Training TensorFlow.js models in Data StudioData StudioTensorflow
To see this in action I shared this report. It uses the Boston Housing data set where you are trying to predict the median house value. It's only been tested in the desktop version of Chrome and should be viewed as a proof of concept at this stage.
I have to say I really like the potential of using TensorFlow.js in Data Studio.
- Tight security model. As I said earlier, no data leaves the community visualization, which takes care of many privacy issues if you want to use sensitive data. No need to export your data as a CSV file and send to an external service.
- Having your (training) data in a Google Sheet somehow makes it more approachable to me than a CSV file. I can update and clean data much more easily in Sheets than in a CSV. In Data Studio I can then play around with the features to see if it changes model performance.
- I could see this working well for consultants that want to build a model for a client using test data, but they don't need to have access to the client's real data. The client would just connect to their Google Sheet and train on the private data.
- Data Studio would be great to teach machine learning concepts. Anyone can create beautiful reports and test different parameters, and you get to see how training works live in the browser. Honestly, I feel I get machine learning much more now.
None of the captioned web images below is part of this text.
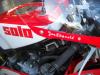 Coupes-Moto-Legende-Dijon-2022-_26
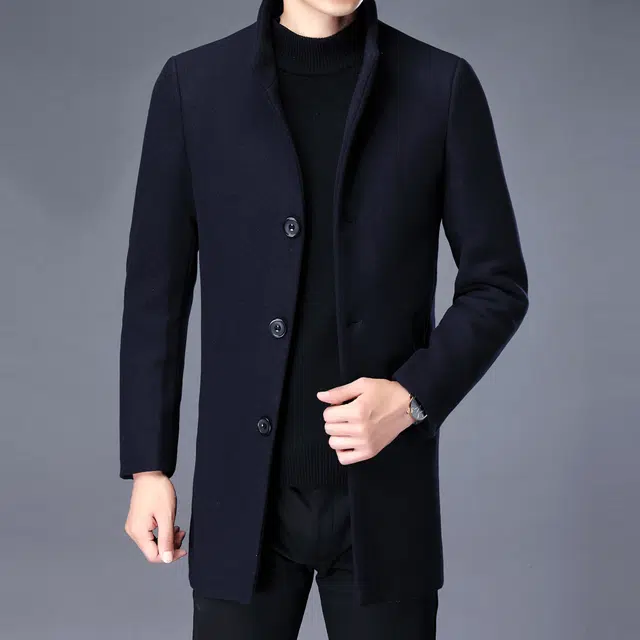 PIERRE CARDIN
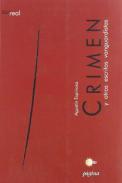 Crimen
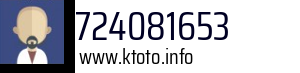 724081653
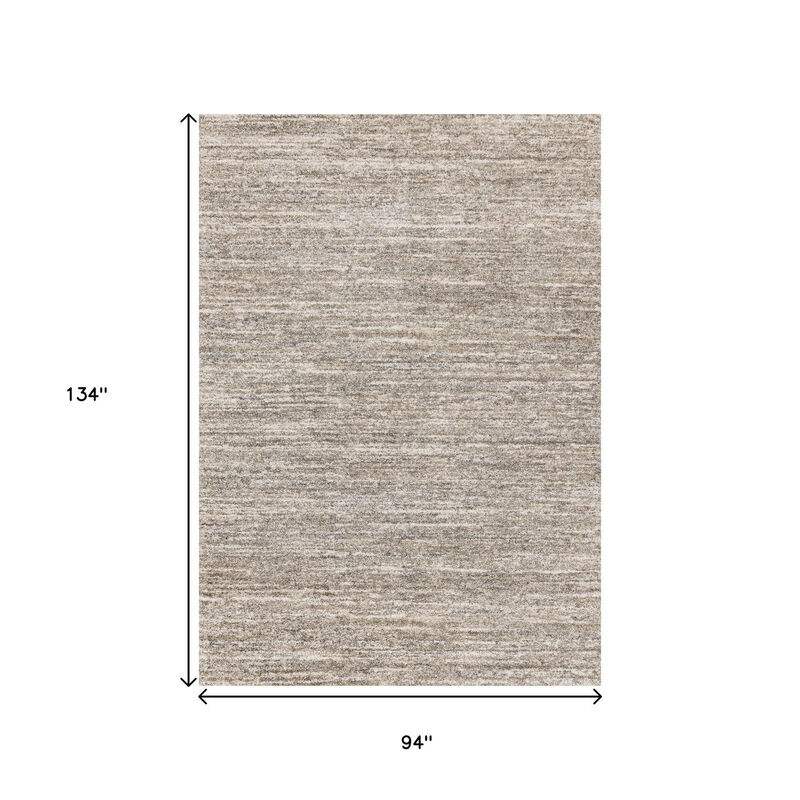Abstract Area Rug image number 2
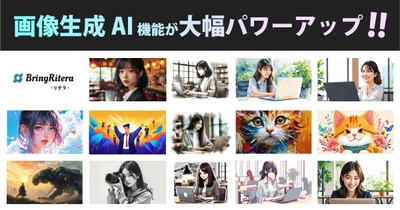 0PhAToryZ0CdSFNIY8Wi.jpg?w=940&h=940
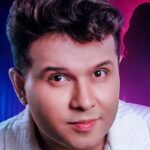 Música: Cantor manauara Lucas Moura desponta como nova aposta do sertanejo nacional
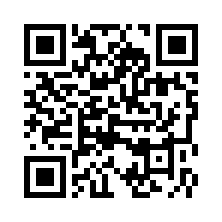 QR Code for 1615MdXcn8bdhsD8ARidCbzvG3Tc2cD6Y9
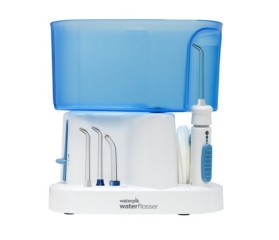 Waterpik Irrigador Clásico WP-70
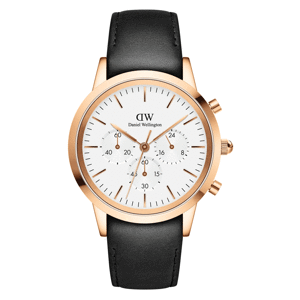 DANIEL WELLINGTON DW00100646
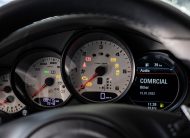 Porsche Panamera Diesel 2011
Having said all this, the tight security policy of community visualizations does mean that you cannot import and load a machine learning model that was trained somewhere else (perhaps in Python or Node.js). Particularly for text and image classification where model training could take a very long time, it would be important to be able to use a model for prediction, not for training. Although I haven't tried this out yet, I think it might actually be possible to use community connectors to overcome this.
Furthermore, to train machine learning models you typically want non-aggregated data, so each line in your Sheet should be one observation. To make each line unique I added an ID column to the data set. Otherwise Data Studio will gladly summarize your data.
I'm glad this proof of concept works, but there's more work to be done and to validate this approach by using Data Studio and TensorFlow.js in a real world application.